I'm very curious to see how Red Hatchet develops. His character, along with the introduction of Hank Shakespeare in Chapter I, seems to highlight an interest in the presence of educated men in the West. I wonder how their education will help or hinder them?
"Curse you! do you carry a charmed life?" he hissed, through his gnashing teeth. "But now -- this time you are doomed!"
But again he reckoned without my lucky star. A carwindow was suddenly slid up but two or three feet away and a woman's jeweled hand was thrust out, holding a small pocket-revolver in its delicate but firm grip.
"Ha, ha, ha!" laughed a silvery voice, as the timely little weapon flashed and barked in the outlaw's face. "I owe you an old score, Jesse James, on Dick's account, and here's one toward liquidation."
In reading these dime novels, I am over and over again discovering that it's a mistake to believe that women were seen only as damsels in distress. The 1950s TV westerns may portray them so, but in these 19th century novels, women are *savior* as well as saved.

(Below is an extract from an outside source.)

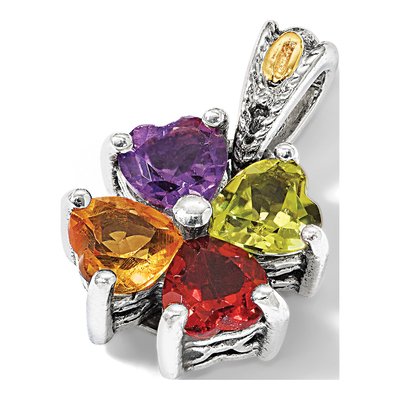 Sterling Silver & 14K Gold Personalized 4-Stone Mother's Pendant Mounting – view 7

I especially love the witty remark this woman makes as she takes a shot at Jesse James. The present day action and thriller flicks are indebted to lines like this from the Penny Dreadfuls, but typically, it seems to be the men that get to speak them. There's a delight here in the violence about to be committed that I don't believe was normally associated with women, even if they were allowed a role in the action.
"Then I simultaneously drew my pistol and bounded toward my horse, while giving utterances to an Apache yell." (Ch V)
Interesting that, as the detective is freed from his bonds and runs from the James brothers (who have discovered his deceit and are ready to kill him), he gives an Apache yell. If Deloria is right about whites "playing Indian" to get access to traits they associate with Native Americans, then what traits is the detective trying to access here? Rebellion? Obstinacy? The refusal to give up in the face of overwhelming odds?
I love that it's the figure of *law and order* who gives this yell here as he's freed. Perhaps, "civilization" needs its "savagery" if its to survive its own brutality--but then, that's not really the binary working here. I'd be better to say order must have its chaos if its own structures of good and evil are going to compete on more equal terms. After all, if the James brothers were as savage/brutal/evil as they seem to be proving themselves to be, then this detective should be as dead as those killed in Chapter 1, and good--or, at least, lawfulness--doesn't stand a chance.
"Personally, I don't dislike you. I admire your boldness and decision of character, in spite of your crimes." (Narrator to Jesse James)
This strikes me as the crux of every relationship with a good western outlaw. Despite their savagery and brutality, there is something compelling about these figures. A good outlaw attracts us at the same time his actions repulse us. Is it this "boldness and decision of character" that make us fall in love?